When it comes to asset management, financial planning and service planning, IT departments are stumbling with fragmented tools, confused directives, and in some cases just a lot of bad advice from consultants. But, this just means that many IT organizations are ripe for new technologies and new ways of working to bring the traditional realm of asset management into a more proactive, service-driven model.

EMA recently completed research in assessing organizational and technology change in this area. We had 290 respondents, mostly in North America but some worldwide, and heavy managerial and executive presence (80% were managers and above). To a large degree we were seeking to test out EMA’s vision of Next Generation Asset Management (NGAM), in which financial planning for new and existing IT services and asset management are combined. Ultimately, EMA’s view is that if IT is to run itself as a business, then its “products” are services. If this is the case, then IT should plan and assess its costs based on the needs and values of its services from a business impact perspective, much like telecommunications service providers have done for years.

The quantitative data was clearly encouraging with 34% of our respondents claiming that at least to some degree they are doing financial planning for services in conjunction with asset management, 29% said they plan to in the future, and 37% said asset management and service planning are handled separately. And so, a clear majority of our respondents are at least looking to bring asset management and service planning together. One U.K.–based consultancy said: “Among our clients, I would say that about 50% have begun to combine service and asset management and 50% have not. But all of them ultimately will want to get there.”
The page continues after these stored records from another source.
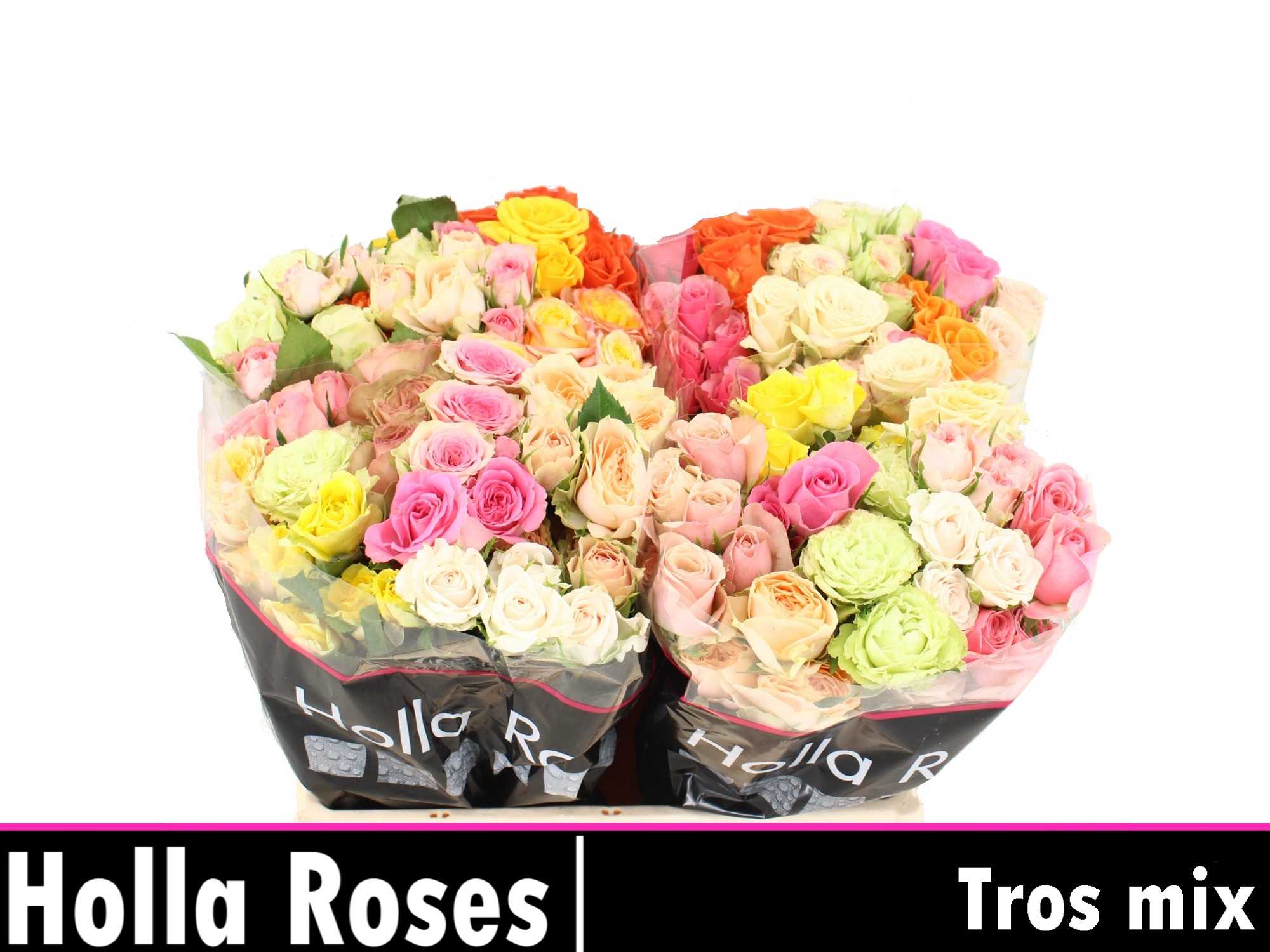 Rosa Spr 40cm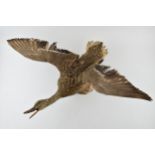 Vintage French taxidermy model of a flying duck, mounted onto a wooden base, 71cm tall. Collection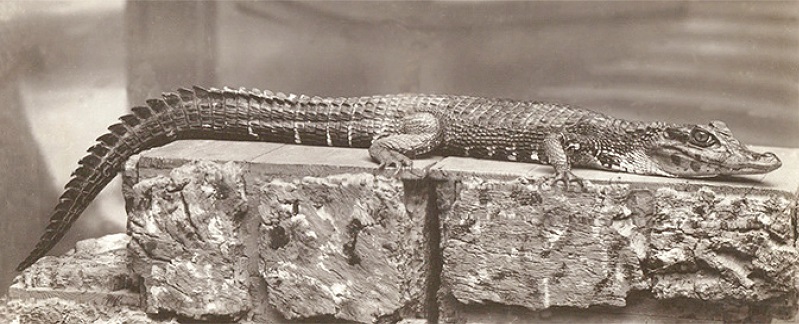 Spectacled caiman, Santa Fe Zoo, Medellín (Courtesy of the Archivo de la Sociedad de Mejoras Públicas de Medellín)
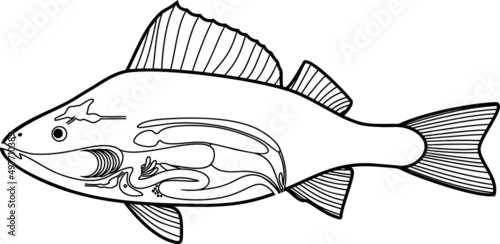 Coloring page with scheme of internal anatomy of fish. Educational material with structure of perch (Perca fluviatilis) for biology lesson	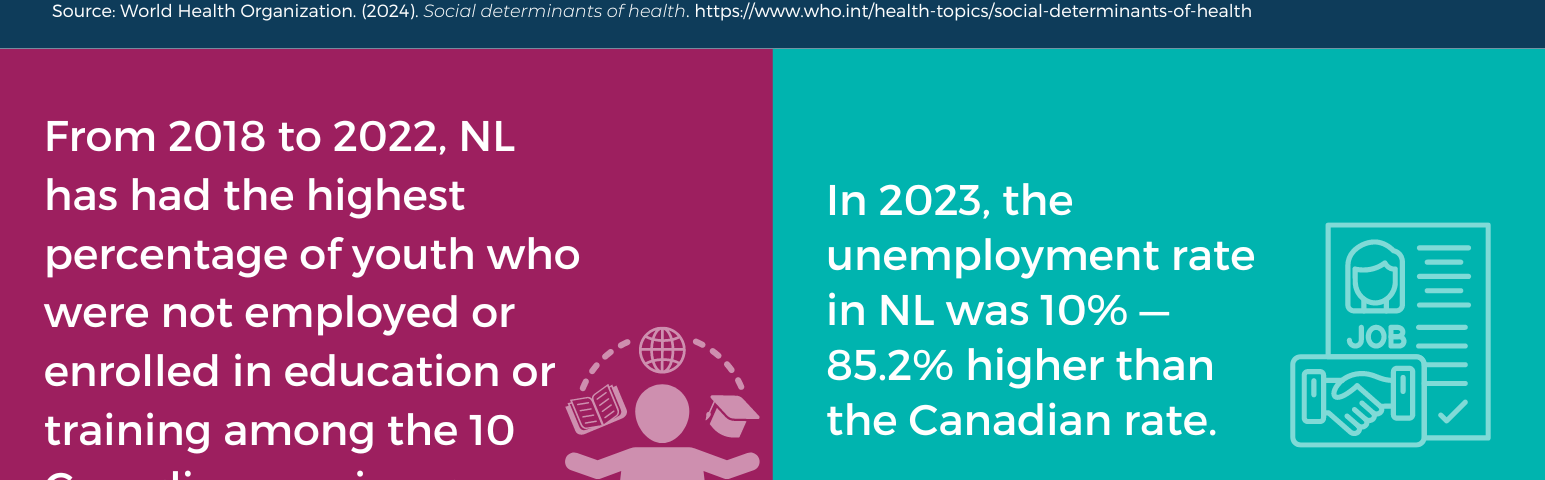 Infographic titled Social Determinants of Health in Newfoundland and Labrador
Interestingly enough, in virtually all of our nine focal interviews everyone saw the value in combining asset management and service planning, but no one was all that far along, and one very large U.S.-based law firm in which there were a tremendous number of distributed offices with significant local authority, saw unifying service and asset management as an ongoing political impossibility. Nevertheless, the overall result was a validation that IT organizations are ready to step up to a “service model vision” as one respondent put it.
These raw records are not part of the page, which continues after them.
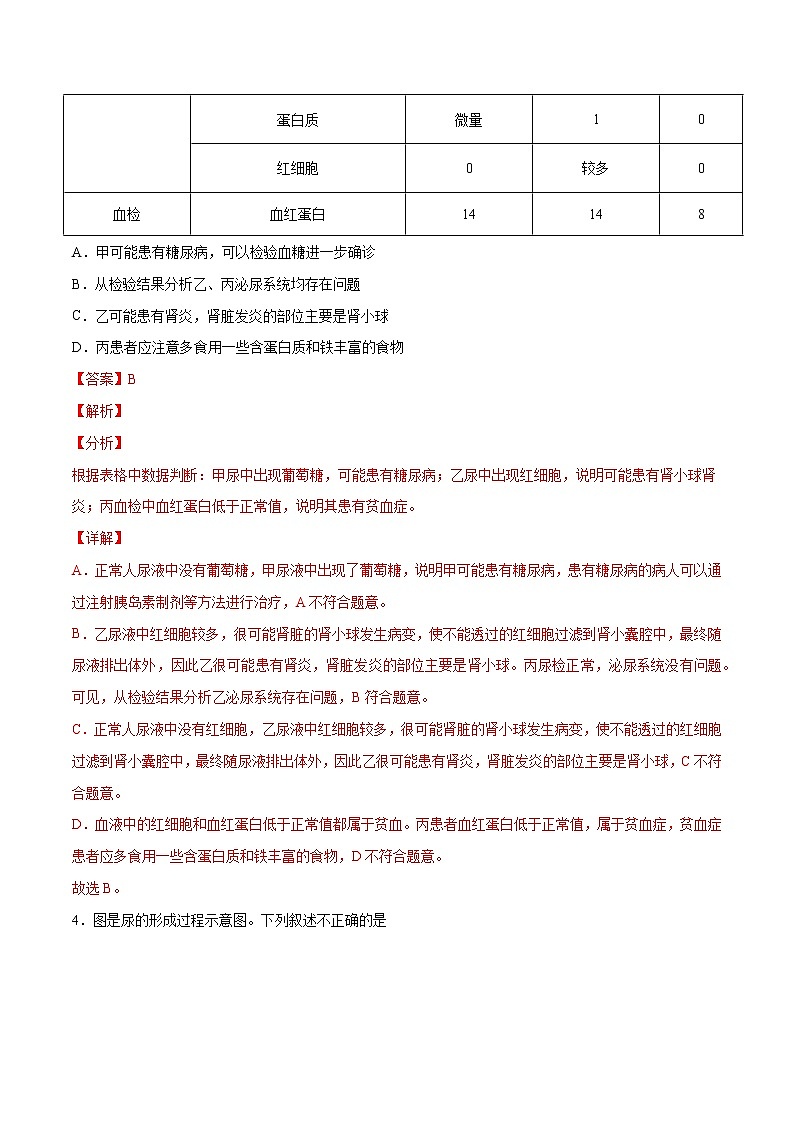 4.5 人体内废物的排出(精编课件+练习)精编七年级生物下册同步备课系列(人教版)03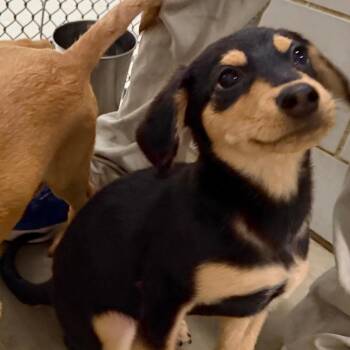 Indy -  Mixed Breed Dog for Adoption in Walker, Michigan - Indy | PetCurious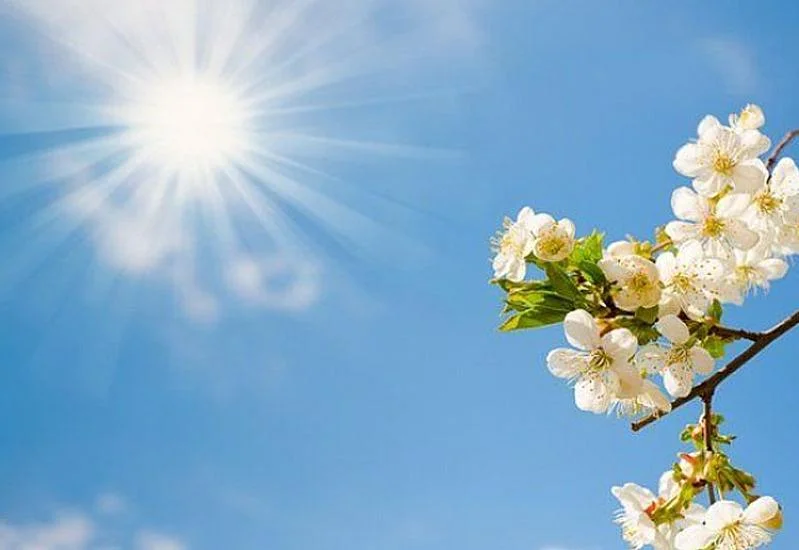 Sabah hava 25 dərəcə olacaq - PROQNOZ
Another important question then was to what degree is asset management integrated across all of IT. Or, to put it more bluntly, how many of you all are actually able to integrate costs associated with telecommunications circuits with costs associated to upgrading or purchasing new servers? If you are truly going to step up to a service model, then WAN bandwidth and server software are all interrelated costs in supporting new application services or maintaining and extending new services.

The answers here were that a surprisingly high 28% claimed at least to have an integrated, cross-domain approach across all technology silos for their asset and financial planning. And 30% claimed to be siloed so that each technology (network, application, systems, telecom, etc.) was managed separately on all fronts. The remaining population expressed various degrees of integration within the data center, or between the network and telecommunications. Interestingly, the group cited as the single organization most likely to unite all of IT asset management across domain was IT Financial Governance, whereas Operations as a whole was viewed as the organization most predominantly shaping overall asset management strategies.